Go to the line holding "El campamento Nueva La Habana. El" in the entries below and write out exactly every line down to and including the line holding "FUN STICKERS – MODEL: DINOSAURUS (120 ks)".

•••

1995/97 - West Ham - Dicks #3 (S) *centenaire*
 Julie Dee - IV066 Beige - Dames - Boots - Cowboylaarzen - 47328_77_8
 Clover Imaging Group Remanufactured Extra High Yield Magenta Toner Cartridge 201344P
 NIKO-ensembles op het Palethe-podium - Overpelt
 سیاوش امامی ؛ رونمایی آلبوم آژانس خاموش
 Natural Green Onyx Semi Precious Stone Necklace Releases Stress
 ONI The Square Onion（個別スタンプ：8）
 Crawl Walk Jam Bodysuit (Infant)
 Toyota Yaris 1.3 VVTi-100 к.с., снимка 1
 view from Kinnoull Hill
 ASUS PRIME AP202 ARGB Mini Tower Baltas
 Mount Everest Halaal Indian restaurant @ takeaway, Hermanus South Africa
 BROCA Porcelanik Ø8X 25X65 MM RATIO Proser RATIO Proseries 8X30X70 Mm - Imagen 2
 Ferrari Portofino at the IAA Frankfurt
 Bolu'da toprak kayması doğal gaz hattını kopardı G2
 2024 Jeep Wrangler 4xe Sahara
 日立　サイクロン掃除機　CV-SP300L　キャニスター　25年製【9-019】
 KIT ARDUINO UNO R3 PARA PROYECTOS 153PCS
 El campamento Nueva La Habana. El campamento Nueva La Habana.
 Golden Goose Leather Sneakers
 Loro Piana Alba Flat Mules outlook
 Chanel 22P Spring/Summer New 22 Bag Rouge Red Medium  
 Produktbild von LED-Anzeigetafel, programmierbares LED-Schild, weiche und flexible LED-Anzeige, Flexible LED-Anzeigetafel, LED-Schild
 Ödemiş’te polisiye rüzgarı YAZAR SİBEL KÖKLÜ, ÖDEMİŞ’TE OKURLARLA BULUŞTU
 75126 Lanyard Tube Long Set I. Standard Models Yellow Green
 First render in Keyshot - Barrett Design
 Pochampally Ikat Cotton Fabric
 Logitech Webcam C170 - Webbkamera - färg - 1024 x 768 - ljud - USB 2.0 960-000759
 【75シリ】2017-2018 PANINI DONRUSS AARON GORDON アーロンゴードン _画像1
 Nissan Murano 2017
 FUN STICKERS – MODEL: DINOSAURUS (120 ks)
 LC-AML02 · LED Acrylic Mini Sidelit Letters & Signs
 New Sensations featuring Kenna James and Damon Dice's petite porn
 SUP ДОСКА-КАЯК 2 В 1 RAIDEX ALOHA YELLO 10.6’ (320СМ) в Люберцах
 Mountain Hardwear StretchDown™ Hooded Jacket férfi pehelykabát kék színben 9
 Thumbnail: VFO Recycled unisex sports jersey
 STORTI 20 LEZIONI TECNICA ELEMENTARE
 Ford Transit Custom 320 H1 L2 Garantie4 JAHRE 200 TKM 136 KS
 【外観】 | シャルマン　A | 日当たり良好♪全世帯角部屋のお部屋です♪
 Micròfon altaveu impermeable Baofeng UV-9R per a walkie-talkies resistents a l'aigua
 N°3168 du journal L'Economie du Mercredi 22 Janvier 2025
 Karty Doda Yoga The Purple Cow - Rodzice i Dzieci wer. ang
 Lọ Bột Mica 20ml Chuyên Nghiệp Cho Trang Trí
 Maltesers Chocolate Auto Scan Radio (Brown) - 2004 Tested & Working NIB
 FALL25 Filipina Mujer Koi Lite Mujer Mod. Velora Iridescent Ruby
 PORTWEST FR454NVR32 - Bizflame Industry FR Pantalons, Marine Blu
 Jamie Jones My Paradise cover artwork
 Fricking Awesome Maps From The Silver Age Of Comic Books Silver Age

•••

Task result:
 El campamento Nueva La Habana. El campamento Nueva La Habana.
 Golden Goose Leather Sneakers
 Loro Piana Alba Flat Mules outlook
 Chanel 22P Spring/Summer New 22 Bag Rouge Red Medium  
 Produktbild von LED-Anzeigetafel, programmierbares LED-Schild, weiche und flexible LED-Anzeige, Flexible LED-Anzeigetafel, LED-Schild
 Ödemiş’te polisiye rüzgarı YAZAR SİBEL KÖKLÜ, ÖDEMİŞ’TE OKURLARLA BULUŞTU
 75126 Lanyard Tube Long Set I. Standard Models Yellow Green
 First render in Keyshot - Barrett Design
 Pochampally Ikat Cotton Fabric
 Logitech Webcam C170 - Webbkamera - färg - 1024 x 768 - ljud - USB 2.0 960-000759
 【75シリ】2017-2018 PANINI DONRUSS AARON GORDON アーロンゴードン _画像1
 Nissan Murano 2017
 FUN STICKERS – MODEL: DINOSAURUS (120 ks)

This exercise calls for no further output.